#### [What to do]
A word-for-word copy of the entries is the goal; leave out the pictures.

[Caption-style text data]
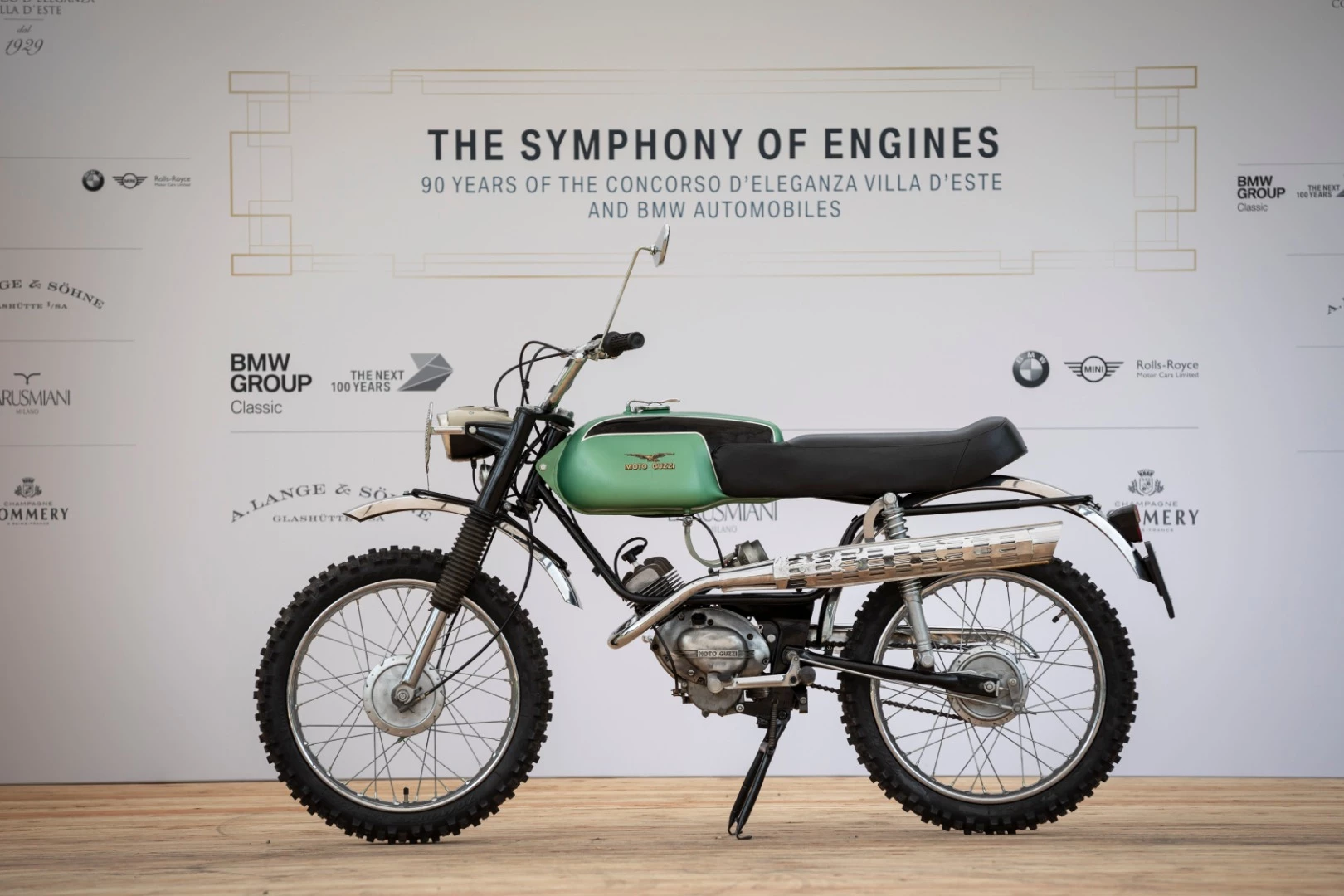 1969 Moto Guzzi Dingo Cross, entered by Collezione Zappieri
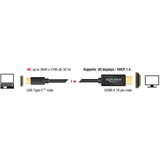 Delock USB-C (männlich)> HDMI (männlich) (DP-Alt-Modus)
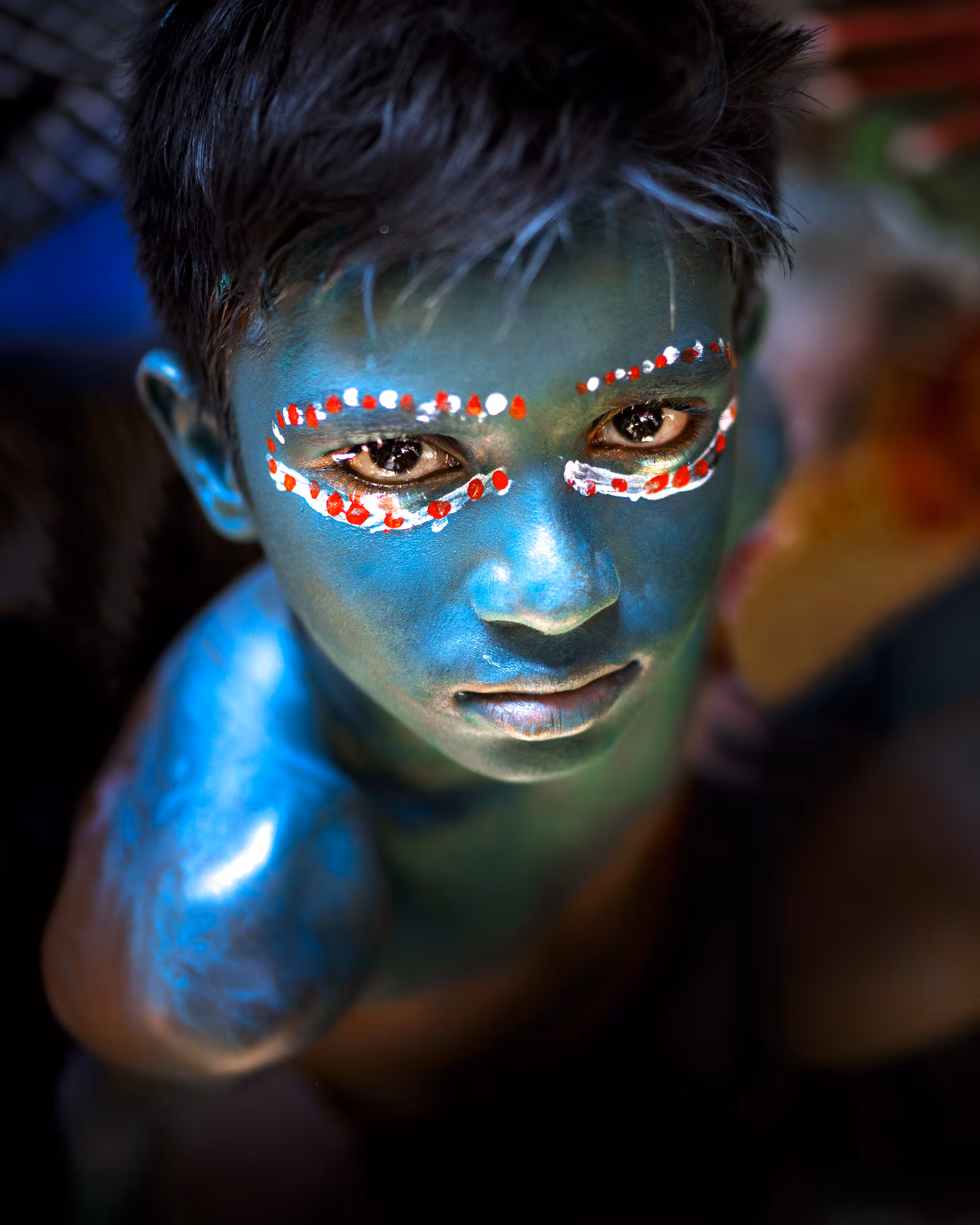 Eyes at Kaveripattinam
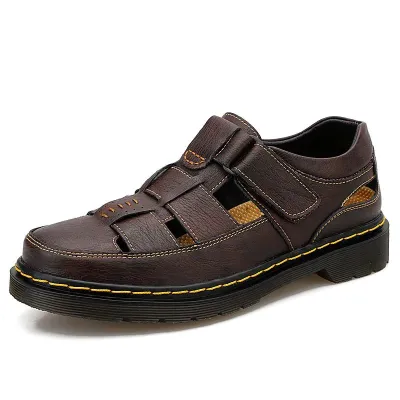 XENNO BROWN GEM (GENUINE LEATHER)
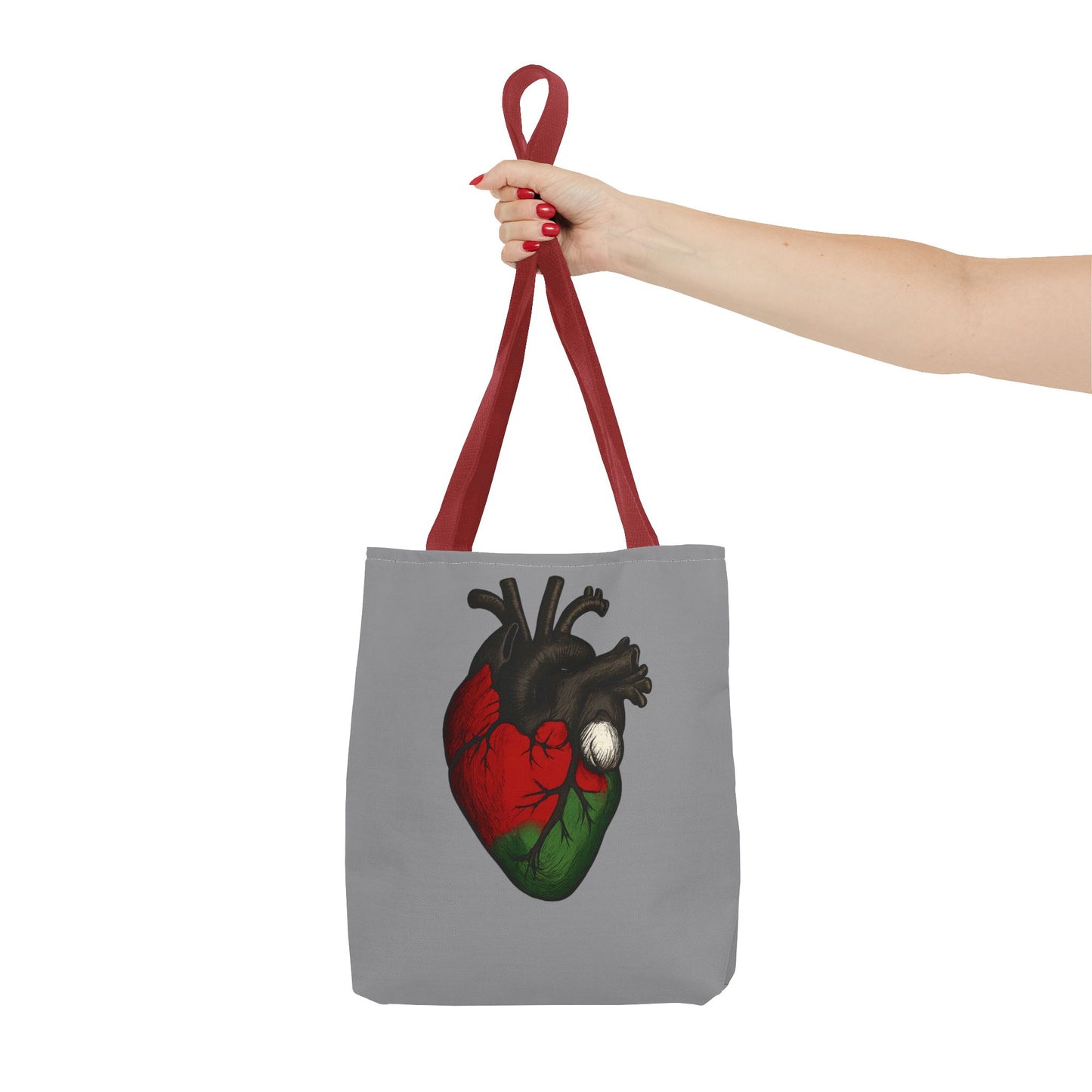 Heartfelt palestine Tote Bag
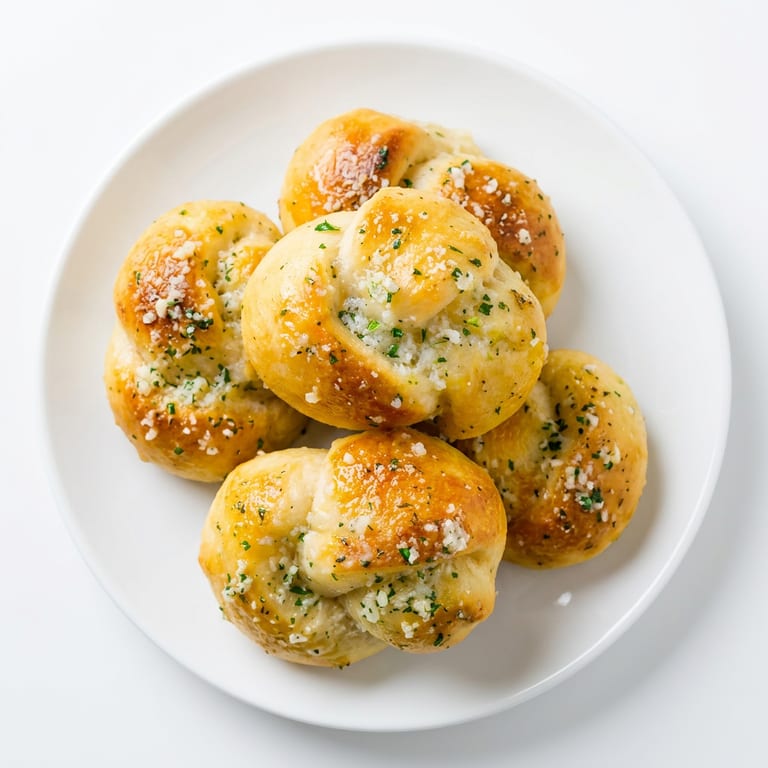 Delicious Garlic Knots Await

#### [Exercise output]
 1969 Moto Guzzi Dingo Cross, entered by Collezione Zappieri
 Delock USB-C (männlich)> HDMI (männlich) (DP-Alt-Modus)
 Eyes at Kaveripattinam
 XENNO BROWN GEM (GENUINE LEATHER)
 Heartfelt palestine Tote Bag
 Delicious Garlic Knots Await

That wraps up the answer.